Global Mission Week 2013 Begins

Dr. Bogunjoko“God has equipped you beyond any other generation because of what God has made available to you beyond any other generation. Will you respond to the marching orders of the Holy Spirit? Will you say, ‘God, as You do Your work in an international, interrelated, interdependent, and integrated Church, here am I, send me.’?” With that question, Dr. Joshua Bogunjoko, Deputy International Director of SIM, wrapped up his challenge to students in chapel on the first day of Cairn’s Global Mission Week 2013.
Global Mission Week kicked off Monday morning, February 18, 2013 with Dr. Bogunjoko’s message in chapel. In addition to students, faculty, staff, and the missionary representatives visiting campus, nearly 200 visitors on campus for an Undergraduate Open House joined in the Mason Activity Center gymnasium for the chapel service.
Dr. Bogunjoko, who will assume responsibilities as SIM’s International Director in June 2013, is originally from Nigeria. He unfolded his message from Acts chapter 2, in which the Holy Spirit comes upon the followers of Christ at Pentecost. “The birth of the church was also the birth of modern missions – the work as committed to the church. It was not the beginning of mission, but its birth in the church. God has always been on a mission. God has always sought to redeem the human race. The Great Commission was not the beginning of mission. It started in the Garden. God did not choose Israel as His peculiar people so that He might bless Israel, but so that, through Israel, He might bless the world.”
Dr Bogunjoko went on to show the ways that God broke down the barriers that separate nations in His work among the early Christians. The first barrier, broken at Pentecost, was the barrier of language: God brought Jews together from all over the world to hear His people declare His glory in their mother tongue. Then, in Philip’s encounter with the Ethiopian eunuch in Acts 8, God broke down the barrier of geography, bringing an African man to Himself. And in Peter’s visit to Cornelius’ home in Acts 10, God broke down religious and political barriers. Dr. Bogunjoko went on to point out that in Acts 13, Paul and Barnabus were commissioned by an international church in Antioch, with Simeon, who may have been called Niger because of the color of his skin, and Lucius, from Cyrene, which was in Lybia. “God was aiming for a global gospel to reach all the nations of the earth that all the Earth might worship him,” he said.
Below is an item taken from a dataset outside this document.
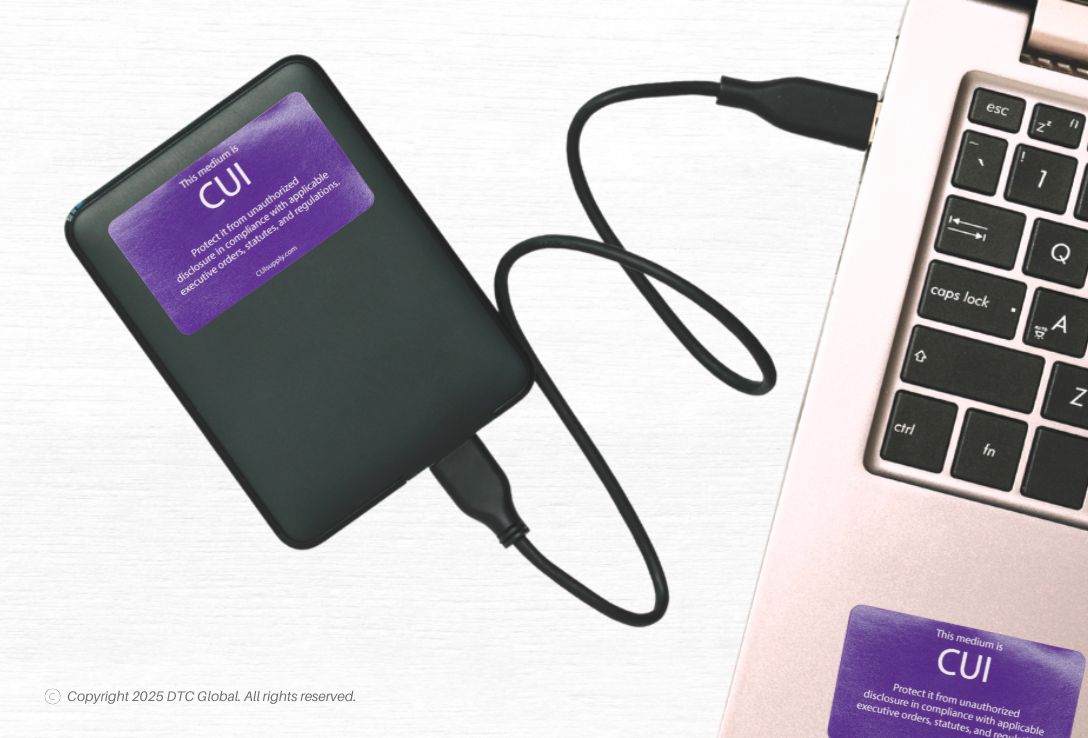 External hard drive with purple Generic 905 - CUI Digital Media Label without Government Property next to a laptop keyboard with a similar label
Global Mission Week activities will continue throughout the coming days. Missionary representatives will be hosting sessions that students can attend that range from Skype conversations with overseas missionaries to informal activities like ping-pong tournaments. Panels and informational sessions will take place on topics of interest to students, including teaching in public and charter schools, the Insider Movement, and social work in local and global communities. Students have organized a missions festival, “Let Your Light,” for Wednesday evening, which includes testimonies and interviews with missionaries, faculty, staff, and students examining the international, interrelated, and integrated nature of missions in the current day. In addition, a global prayer event and worship and praise night will finish out the week.